Monday, November 12, 2007

Steve Yegge

I recently stumbled upon (in its actual meaning, not using the website) over Steve Yegge's blog. Actually it was via some page on emacs lisp which I'm unable to retrieve now. In any case, his Tour de Babel tour of programming languages is quite funny, as most of his other posts are. If you have some time to kill, I can heartily recommend his blog. Also, don't miss his talk at OSCON 2007.

Tuesday, September 18, 2007

Why Ruby > Python

Lately, I've been hacking around a bit with ruby and I must confess, I've started to like it quite much. In particular, there are some things which I like much better than in python. And no, this won't be all about the enforcing nice syntax.

So here are the things I consider a big win:

  • Extendable standard classes There is some nice feature for strings which the ruby developers missed? You can just add it to the String class. No need to derive your special MyStrings, or anything.
  • Blocks Okay, it took a while to get used to this, but once you understood how it works, blocks allow you to extend the ruby language by new syntactic constructions (well, mostly loops, but you can also use them for resource management.
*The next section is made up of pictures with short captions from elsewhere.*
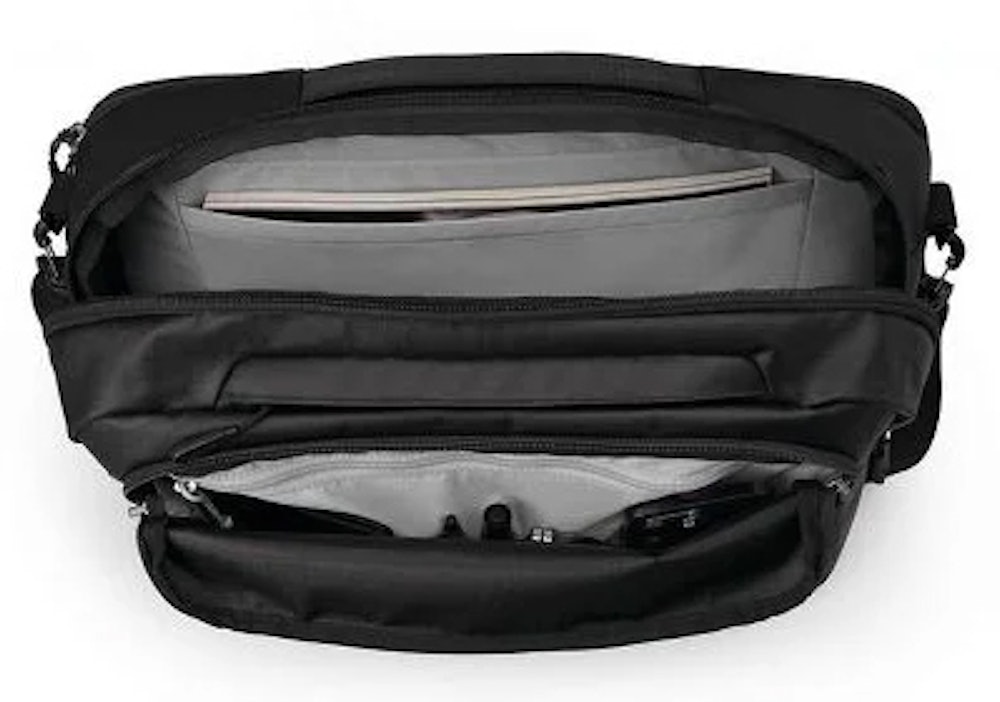 Osprey Transporter Carry-On Boarding Bag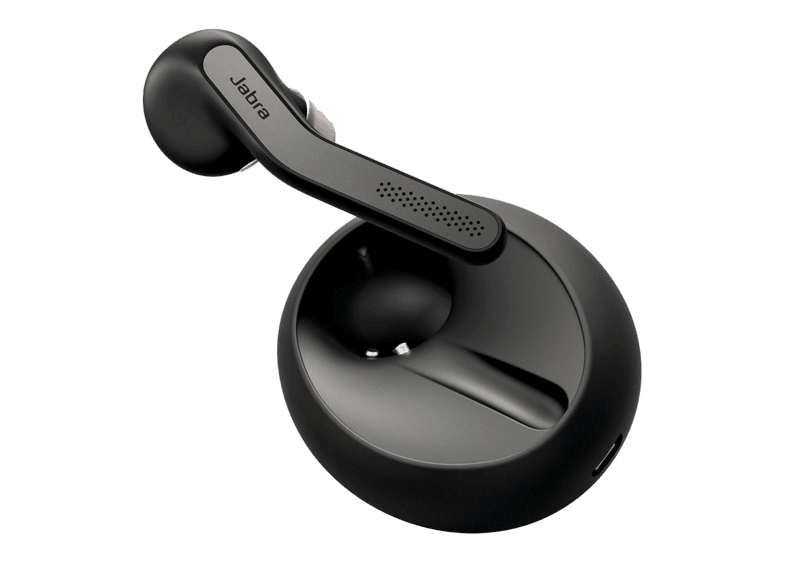two way noise cancelling headset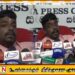 இறந்தவரின் பெயரை பயன்படுத்தி கிளிநொச்சி விவசாயத்திணைக்கள உதவி ஆணையாளர் மோசடி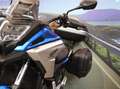 Honda NC 750 X DCT ABS - 2018 -km 51924 Blu/Azzurro - thumbnail 11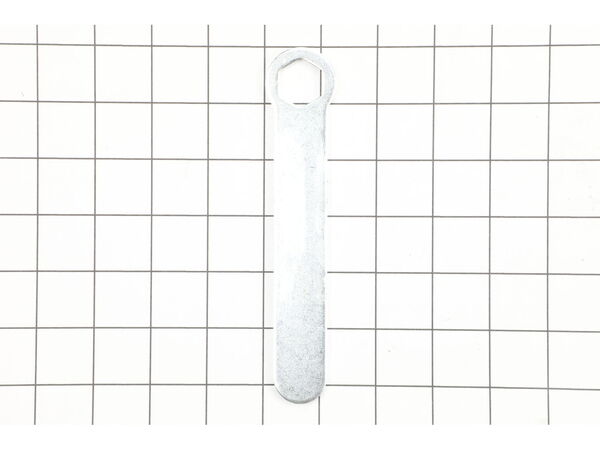 18688105-1-M-Ryobi-089041047061-HEX WRENCH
Just pass out a handle to an object and take care of the proper cleanup afterwards. Ruby's open can be used like this). Also, I find blocks much cleaner than iterators, since the whole loop logic is encoded at a single place (instead of being split over two or three functions)
  • Function calls without parenthesis Again, you can write new functions and really extend the ruby syntax. Paired with introspection, you can write quite powerful class modifiers and call them in a clean, simple syntax. This is heavily used by rails, for example.

Okay, for me the biggest problem with ruby is a lack of a large numeric and matrix library. Python with its scipy it clearly ahead in this respect. There exist ruby bindings of the GNU Scientific Library, but it lacks the lapack functions which means that, for example, the eigenvalue functions are not really fast.

That, and that ruby is reported to be somewhat slower than python. But maybe that changes with the next version which will include a virtual machine... .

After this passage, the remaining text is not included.